The Final Rule incorporates a third new statutory provision that excepts from the definition of “remuneration” the offer or transfer of items or services for free or less than fair market value if the following requirements are met: (a) the items and services are not advertised or tied to the provision of other items or services reimbursed by the Medicare or state healthcare programs (including Medicaid); (b) there is a reasonable connection between the items or services and the medical care of the individual; and (c) the recipient has been determined to be in financial need.

This exception, like others, does not impose any affirmative obligations on providers or suppliers to provide free items or services, waive copayments or implement any program that involves giving anything of value to beneficiaries; rather, this exception describes the circumstances under which such gifts or benefits are not prohibited by the beneficiary inducements CMP.

  1. Copayment Waivers for the First Fill of Generic Drugs

The OIG adopts another ACA statutory provision excepting from the definition of “remuneration” the waiver by a Part D Plan sponsor of any copayment for the first fill of a covered Part D drug. The OIG states that the purpose of this exception is to “minimize drug costs by encouraging the use of lower cost generic drugs.” The Part D Plan sponsor must include the waiver in its annual benefit design package it submits to CMS if the sponsor will use it. This exception is applicable to coverage years beginning on or after January 1, 2018.

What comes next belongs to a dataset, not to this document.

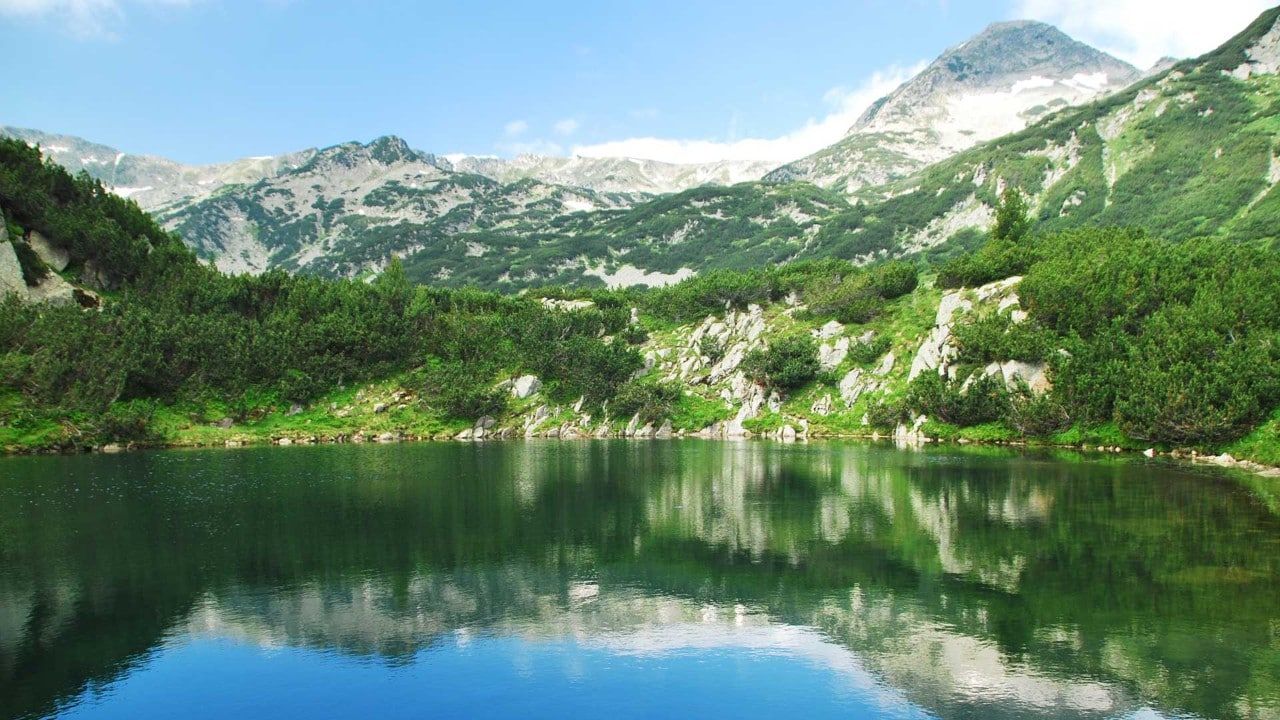Pirin Mountain National Park, Bulgaria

While the AKS and CMP are often viewed by the healthcare and life science industries as impediments to improving the efficiency and innovation of healthcare delivery, the OIG in its Final Rule liberalizes those requirements by enhancing the flexibility of healthcare providers to engage in business arrangements that improve access to care, while still protecting federal programs and patients from fraud and abuse. In an environment where value-based reimbursement models and population health initiatives are the growing norm, the AKS and CMP exceptions under the Final Rule encourage hospitals, pharmacies, ambulance providers, Medicare Advantage Plans and FQHCs to collaborate and strategize among each other on efforts to better serve beneficiaries, members and patients alike.